| WHAT TO DO |
Produce as output only the lines below starting at the line with "3D Tech Neon Hero - lock theme" and continuing through the line with "ASUS FX506HE FX506HC", each one exactly as written.

| EXCERPTED RECORDS |
-----

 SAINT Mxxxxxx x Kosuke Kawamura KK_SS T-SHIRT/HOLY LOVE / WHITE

-----

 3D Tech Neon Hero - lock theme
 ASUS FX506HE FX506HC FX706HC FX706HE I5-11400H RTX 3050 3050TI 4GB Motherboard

-----

| FINISHED TASK |
 3D Tech Neon Hero - lock theme
 ASUS FX506HE FX506HC FX706HC FX706HE I5-11400H RTX 3050 3050TI 4GB Motherboard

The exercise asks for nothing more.